Create a shard_map wrapper specifically for flash attention.

Parameters
  • query – Input tensors to be sharded

  • key – Input tensors to be sharded

  • value – Input tensors to be sharded

  • mesh – JAX device mesh

  • in_specs – Input partition specs (for q, k, v, and optionally mask/bias)

  • out_specs – Output partition spec

  • args (All other) – Flash attention parameters to be fixed via partial

Returns

Tuple of (shard_map_fn, call_args)

get_impl(cfg: FlashAttentionConfig)[source]#

Get kernel implementation from registry based on configuration.

Parameters

cfg – Configuration specifying platform and backend

Returns

Callable kernel implementation

Raises

ValueError – If no matching implementation is found

heuristic_cfg(inv: Invocation[FlashAttentionConfig, Array]) FlashAttentionConfig[source]#

Provide default configuration based on invocation context.

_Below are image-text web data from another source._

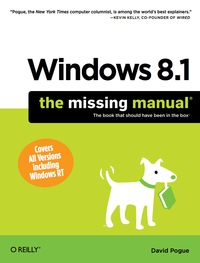 Imagen de portada: Windows 8.1: The Missing Manual 1st edition 9781449371623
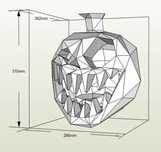 Хеллоуин хелоуін гарбуз тыква арбуз паперкрафт papercraft пазл констру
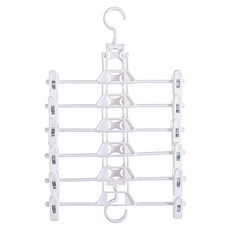 六層魔術褲架 34.5 x 34 x 27cm 423g, 顏色隨機, 1個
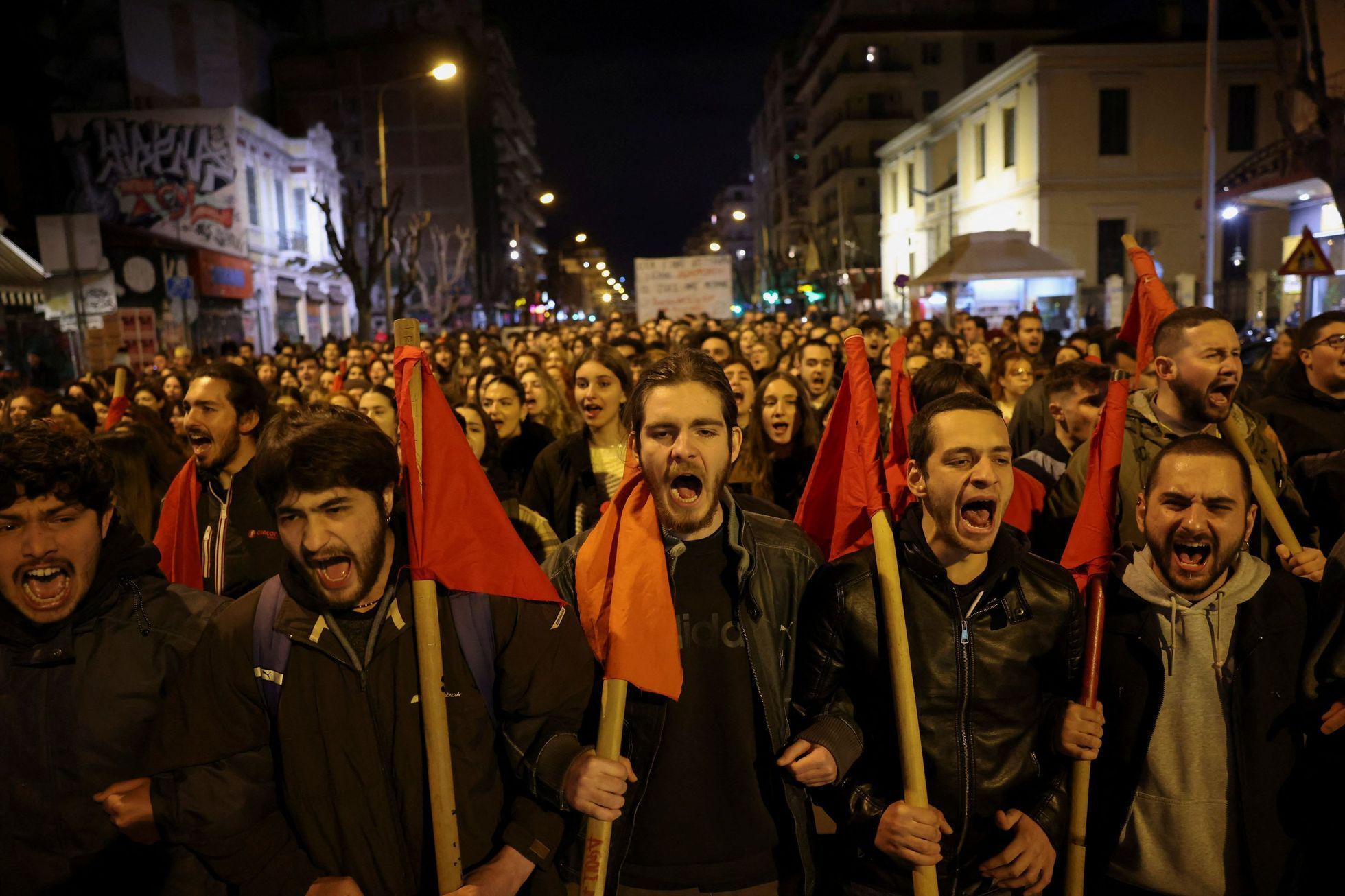 protesty řecko demonstrace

Selects optimal block sizes based on sequence length and head dimension.

Parameters

inv – Invocation object with arguments and metadata

Returns

Default configuration with block sizes

heuristic_cfg_gpu(inv: Invocation[FlashAttentionConfig, Array]) FlashAttentionConfig[source]#

Provide default configuration based on invocation context.

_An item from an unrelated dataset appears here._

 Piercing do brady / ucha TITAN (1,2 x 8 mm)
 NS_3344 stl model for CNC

Selects optimal block sizes based on sequence length and head dimension.

Parameters

inv – Invocation object with arguments and metadata

Returns

Default configuration with block sizes

heuristic_cfg_tpu(inv: Invocation[FlashAttentionConfig, Array]) FlashAttentionConfig[source]#

Provide default configuration based on invocation context.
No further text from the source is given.